Write out the lines below exactly, beginning at the one with "Samsung Announces First" and stopping after the one with "Weidmüller SLD 5.08"; the pictures are not copied.

## Record excerpts:

Content starts

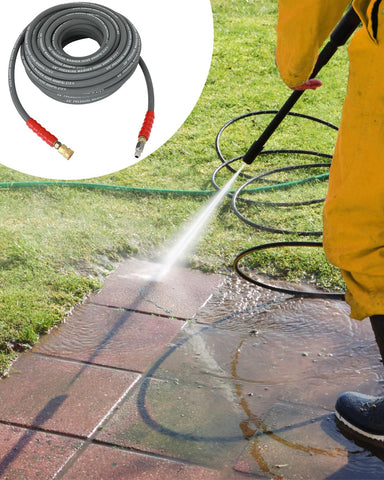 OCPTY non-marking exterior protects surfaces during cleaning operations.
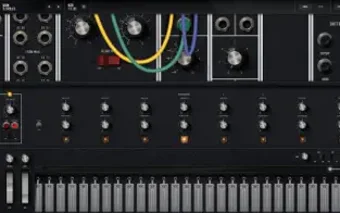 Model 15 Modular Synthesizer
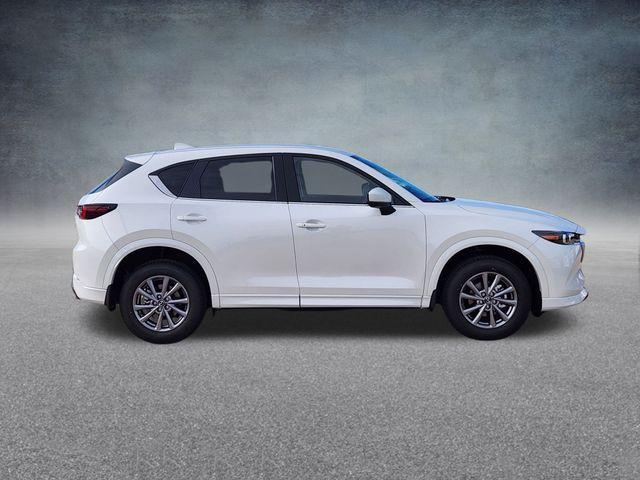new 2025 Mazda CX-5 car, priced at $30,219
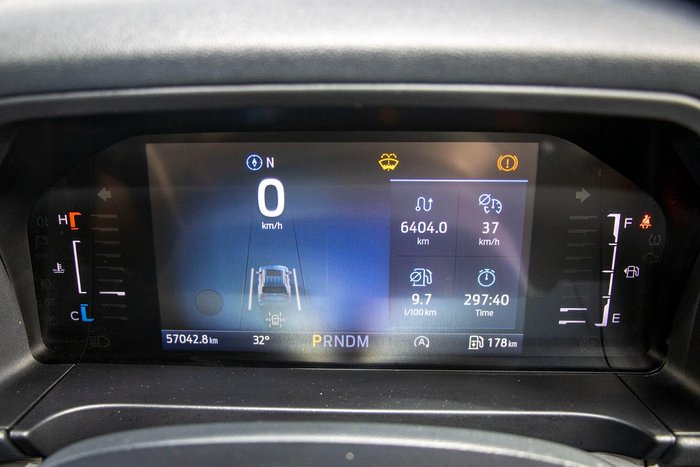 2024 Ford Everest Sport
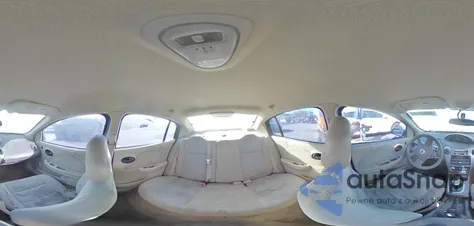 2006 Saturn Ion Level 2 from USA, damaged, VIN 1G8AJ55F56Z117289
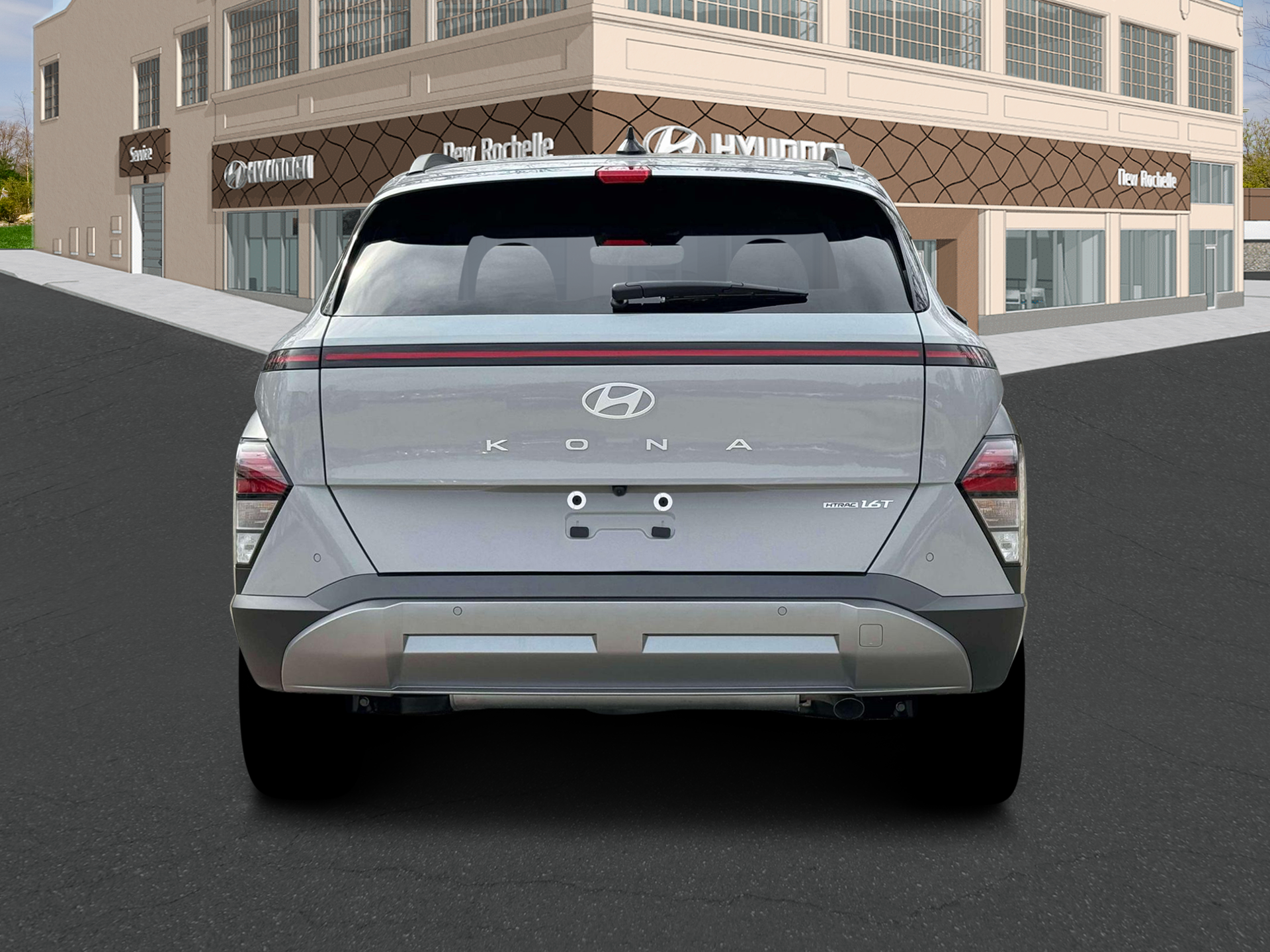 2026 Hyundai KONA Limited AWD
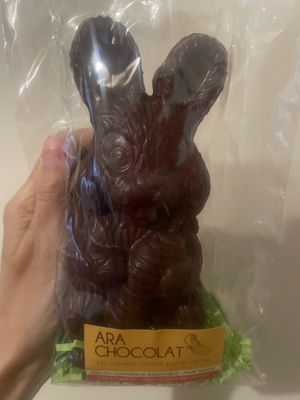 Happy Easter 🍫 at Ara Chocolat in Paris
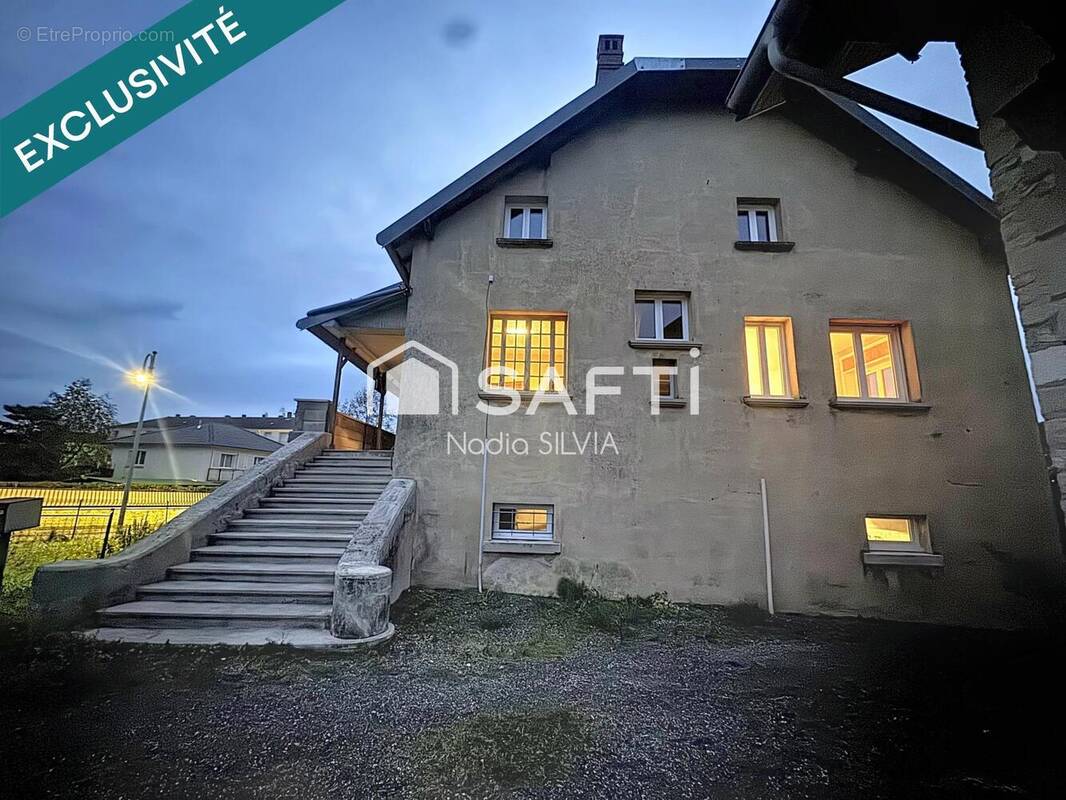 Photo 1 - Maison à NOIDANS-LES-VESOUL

Content ends
Content starts

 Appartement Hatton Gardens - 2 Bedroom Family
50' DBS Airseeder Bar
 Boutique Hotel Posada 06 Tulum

Content ends
Content starts

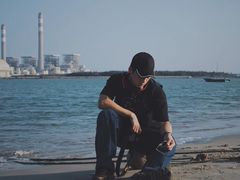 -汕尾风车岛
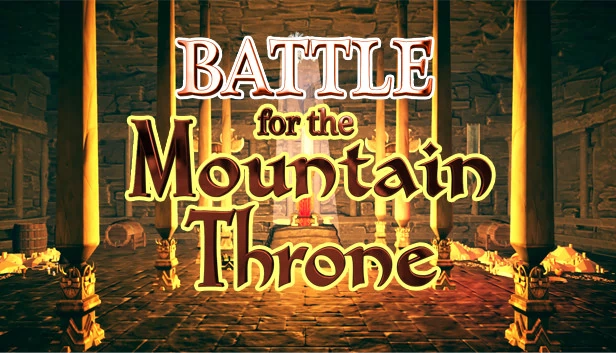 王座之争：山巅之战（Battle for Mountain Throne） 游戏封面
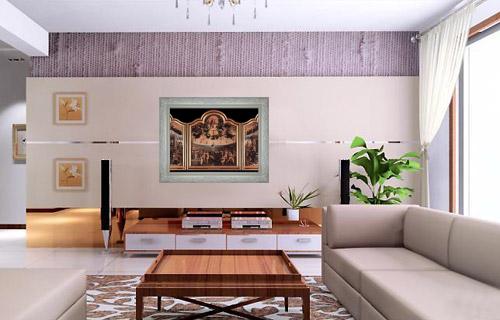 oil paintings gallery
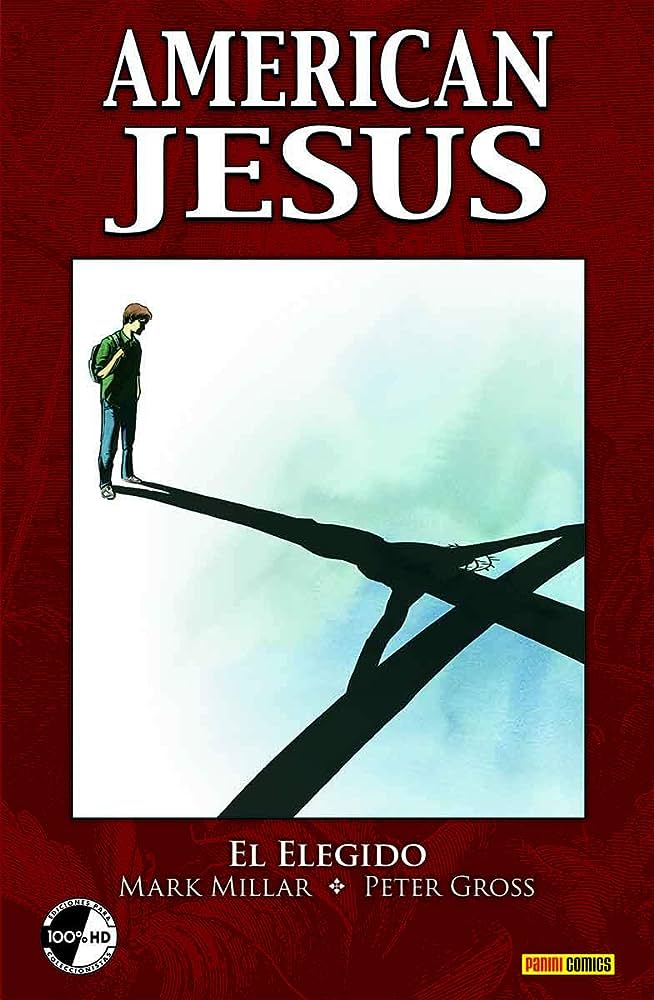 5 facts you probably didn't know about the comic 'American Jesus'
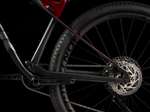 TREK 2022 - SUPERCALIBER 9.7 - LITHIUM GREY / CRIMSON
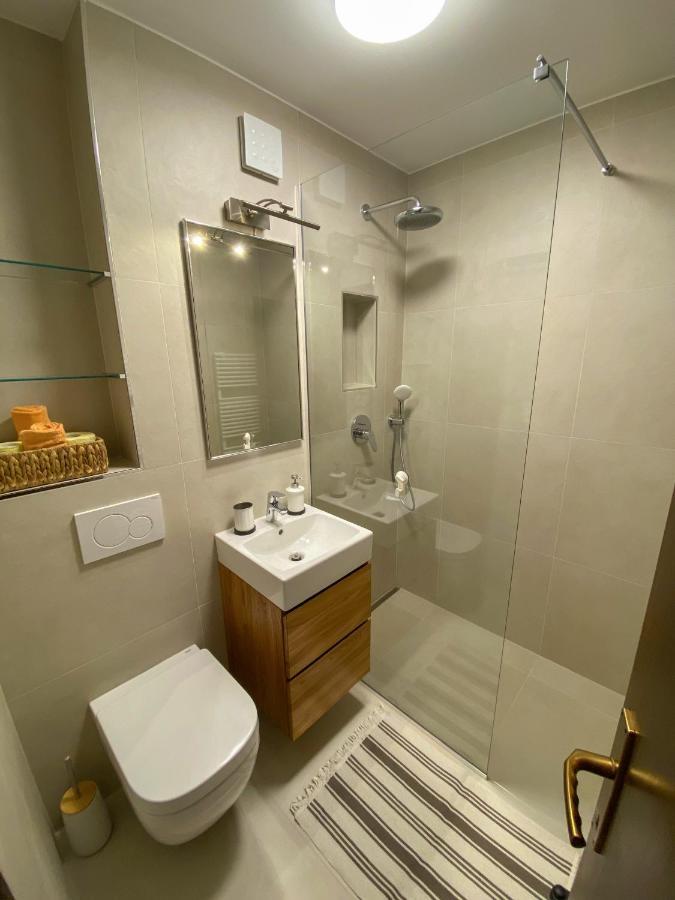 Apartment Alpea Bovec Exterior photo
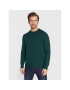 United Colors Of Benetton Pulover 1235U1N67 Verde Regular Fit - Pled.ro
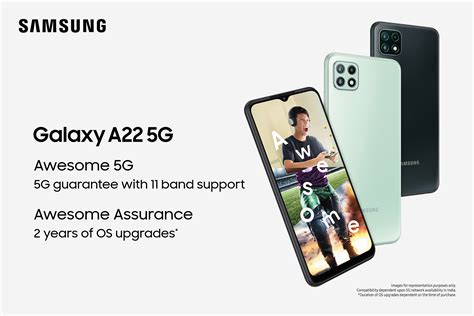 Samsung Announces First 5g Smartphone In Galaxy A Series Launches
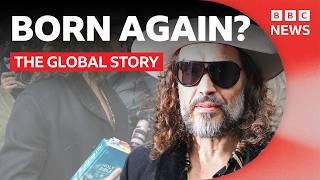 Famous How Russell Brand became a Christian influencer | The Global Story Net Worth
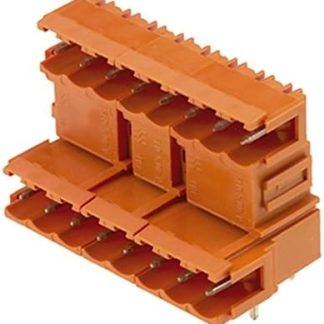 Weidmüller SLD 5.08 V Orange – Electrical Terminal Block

Content ends

## Answer to this exercise:
 Samsung Announces First 5g Smartphone In Galaxy A Series Launches
 Famous How Russell Brand became a Christian influencer | The Global Story Net Worth
 Weidmüller SLD 5.08 V Orange – Electrical Terminal Block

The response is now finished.